Excerpted records>
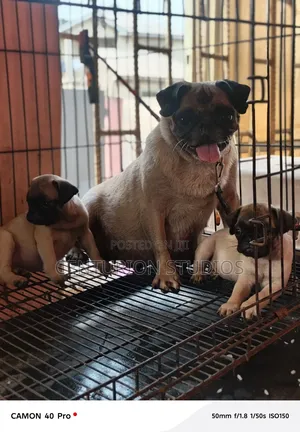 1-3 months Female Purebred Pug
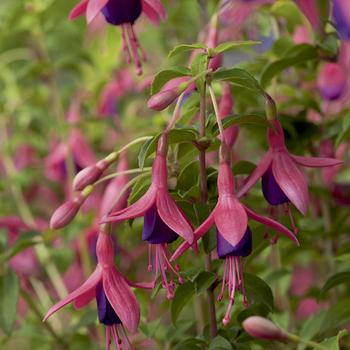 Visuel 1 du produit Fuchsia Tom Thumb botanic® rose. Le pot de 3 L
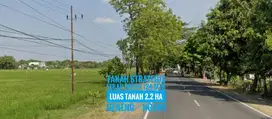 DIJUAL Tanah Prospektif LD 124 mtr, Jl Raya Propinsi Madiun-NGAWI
==
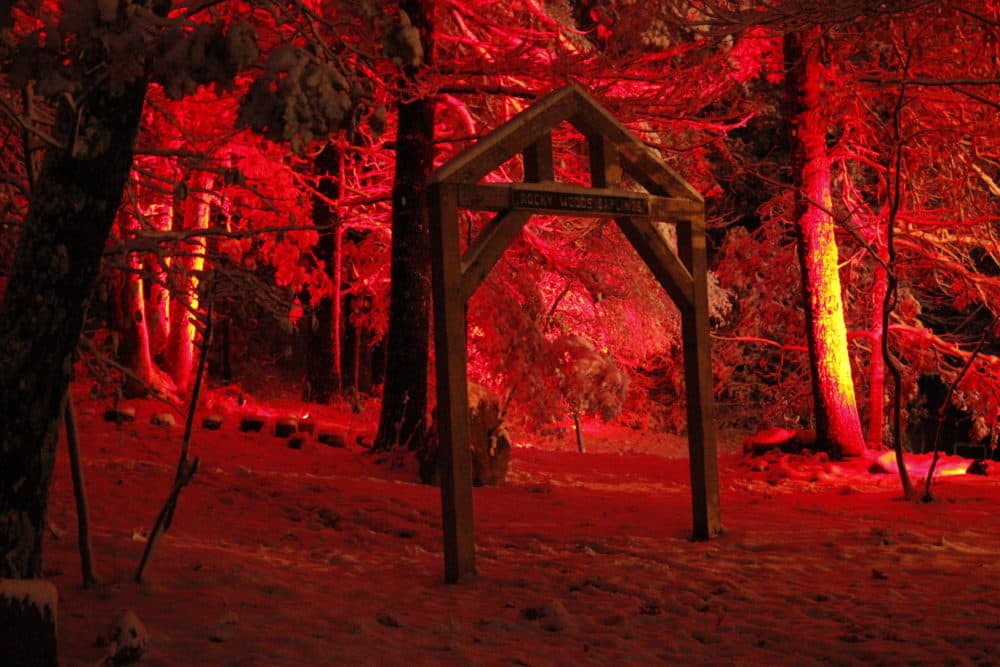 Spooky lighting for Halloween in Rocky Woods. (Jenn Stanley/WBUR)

What the exercise asks> Using the data above, which lines fall from the one with "Visuel 1 du" through the one with "DIJUAL Tanah Prospektif"? Repeat them exactly, ends included, minus any pictures.

Written answer>
 Visuel 1 du produit Fuchsia Tom Thumb botanic® rose. Le pot de 3 L
 DIJUAL Tanah Prospektif LD 124 mtr, Jl Raya Propinsi Madiun-NGAWI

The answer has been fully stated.